─── Supplied data ───

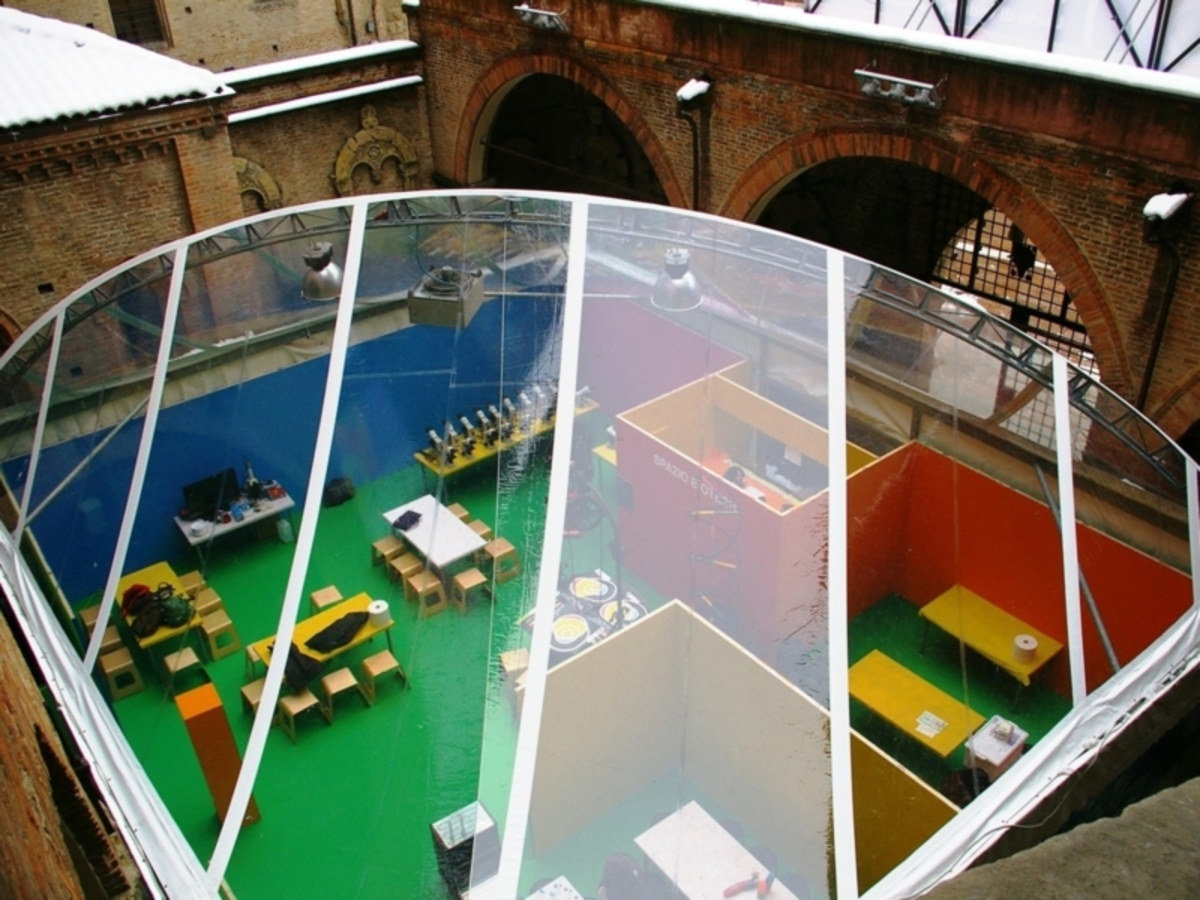 arcostrutture per meeting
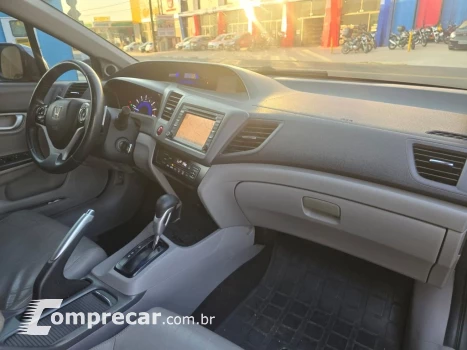 Civic Sedan EXS 1.8 Flex 16V Automatico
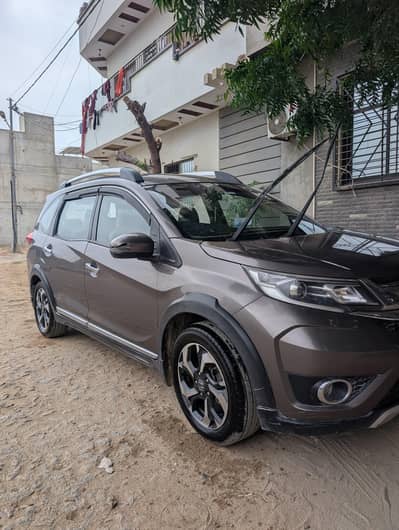 Honda BR-V 2018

───

- Task description
Print the data again, word for word, without any pictures.

- Response area
 arcostrutture per meeting
 Civic Sedan EXS 1.8 Flex 16V Automatico
 Honda BR-V 2018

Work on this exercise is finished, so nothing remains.